Not only does my mom empower women as her job, but at home, she empowers three daughters to be whatever they want in the world, and she has a husband who supports all of the women in his life to do the same. When I asked about my dad and his views on her career and feminism, she remarked, “Well, I went on to grad school, and he supported me while in law school, out of law school, with student loans, with all of it, was never intimidated by my career or my choice of career.”

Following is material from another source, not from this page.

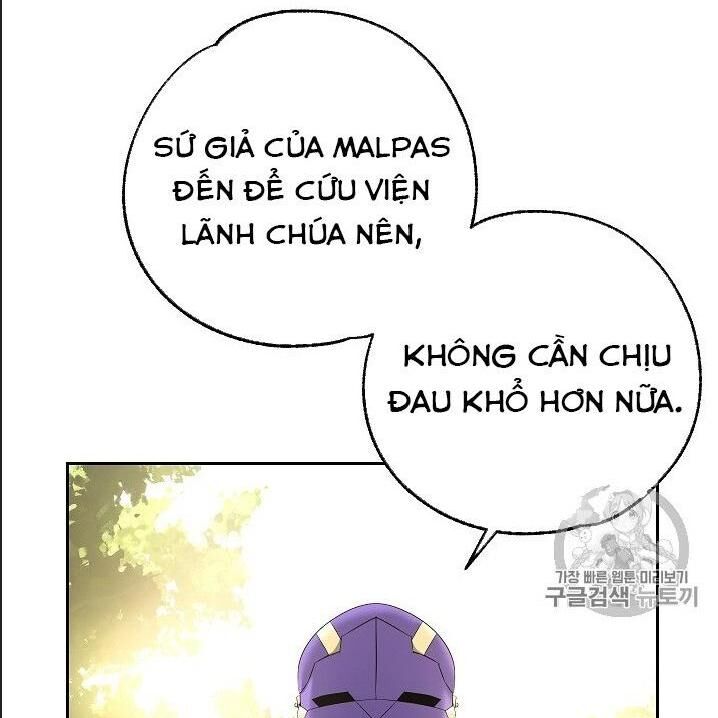 Cốt Binh Trở Lại Chap 95 - Next Chap 96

I appreciated the fact that my mom used the word “intimidated,” because I feel many men often feel intimidated by strong women. This coincides with something I thought about frequently when I was younger if my dad was offended my mom kept her maiden name. After learning about the way she views my dad and he views her through this interview, I understood this was never an issue. She also voluntarily identified my dad as a feminist, saying, “with three daughters, being a feminist is the only choice, what other choice would he want for his girls than to have an equal playing field?” It’s been so beneficial to my sisters and me to grow up in a household where both of our parents encourage us to be strong women. 

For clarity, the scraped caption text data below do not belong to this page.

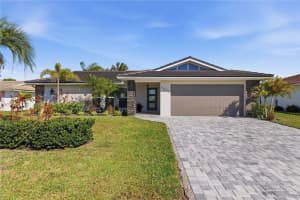 5424 Pilots Pl, NEW PORT RICHEY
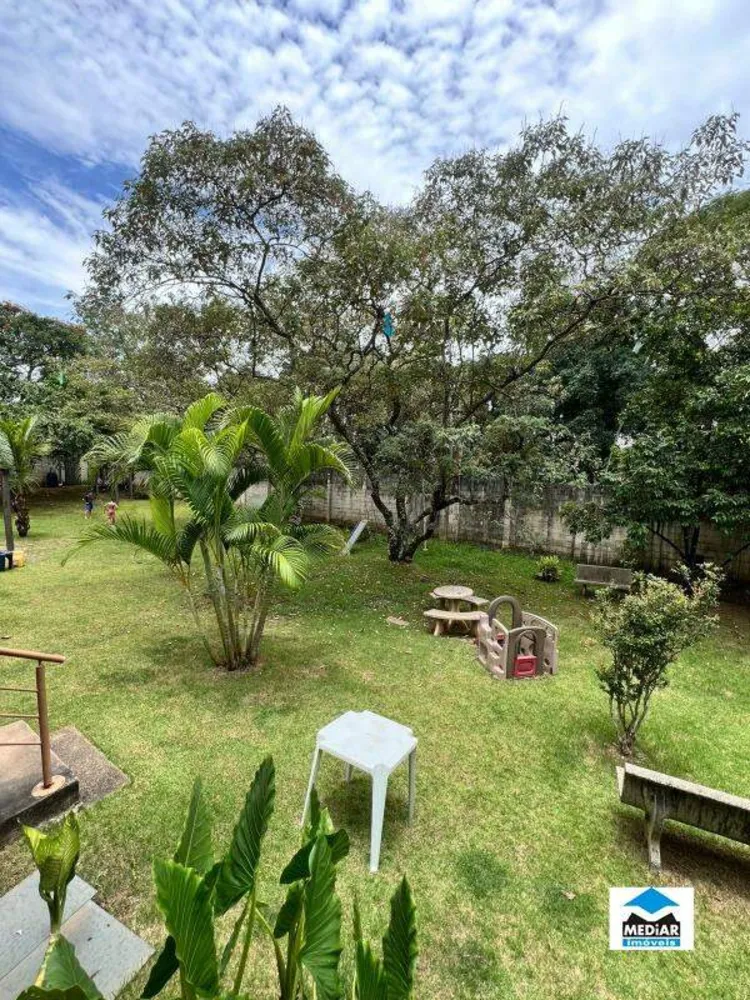 Cobertura, 2 quartos, 80 m² - Foto 21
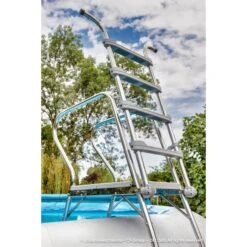 Zodiac Original Winky 5/120, Pool Rund, 655x125 Cm, Komplettset 20 Zodiac Original Winky 5/120, Pool Rund, 655x125 Cm, Komplettset -Poolwelt Verkauf Zodiac Original 01 9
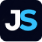devjaycar logo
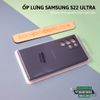op-lung-samsung-s22-ultra-silicon-chong-ban-cao-cap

After trying to have me for four years, there was no choice for my mom other than to stay home with me, and then my twin sisters, whom she had a little over a year later. She did not view her decision as negative, or giving in to her role, she simply said, “If you can make those choices you’re exercising your option to do things however you want to do them.” My mom makes it evident through the phone that it was not a decision she made because she was a woman, but a decision she made because she deserved to make it, and it was “liberating” for her to take some time off and focus on being a mom. By her standards, she already had accomplished so much between schooling and her profession, that it was time to take a break and focus on her three daughters, and giving them the options to do the same. She states, “I don’t think being maternal or domestic makes me any less of a feminist.” I think this statement is really important to remember, as many view maternity leave as negative because it seems as if women are giving in to their role as the female. 

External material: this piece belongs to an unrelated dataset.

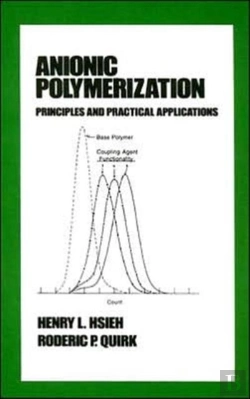 Bertrand.pt - Anionic Polymerization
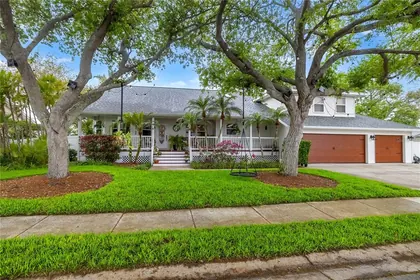 PALMETTO FL Home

In raising her daughters, she made it clear that she wanted us to believe we could be anything we wanted to be. My mom stated regarding how she raised us to be feminists, “I didn’t specifically say ‘we’re feminists in this house’, but everyone has grown to understand the importance of women being able to do whatever they want. I certainly never advocated for anyone to do anything particularly gender-related.” As I thought about her statement, I completely agreed. I always remind myself how lucky I am to grow up in a household that was accepting of me in whatever form and encouraged me to go out there and be myself in a world that really wants to change you and push you down. 

My mom’s continued work in the world of advancing women has led her to be one of the feminists who has made the biggest impact upon my life. My mom is not someone who calls herself a feminist, yet does nothing about it. She is a feminist who works and advocates every single day for change in the workplace, as she, among many others, want to see more women in charge. Whether they be equity partners in big firms, or on the board of big corporations, there needs to be more female representation. As I wrapped up our on the phone interview, I wanted to know if she thinks we are making progress as females. Her response would be similar to many I’m sure, as she feels progress is way too slow, “Women need to be moved into positions of authority, leadership, and decision making. If they are not offered positions, the numbers won't change. It will still be all white men in charge, similar to the government. It's what many corporate boards and law firm circles look like: older white males". I can tell you that she can go on about this for hours, but she keeps it short and sweet. I mean, this is what she does for a living. I hope one day I can be even half of the woman my mom is, and I hope to work to effect change in similar ways as she.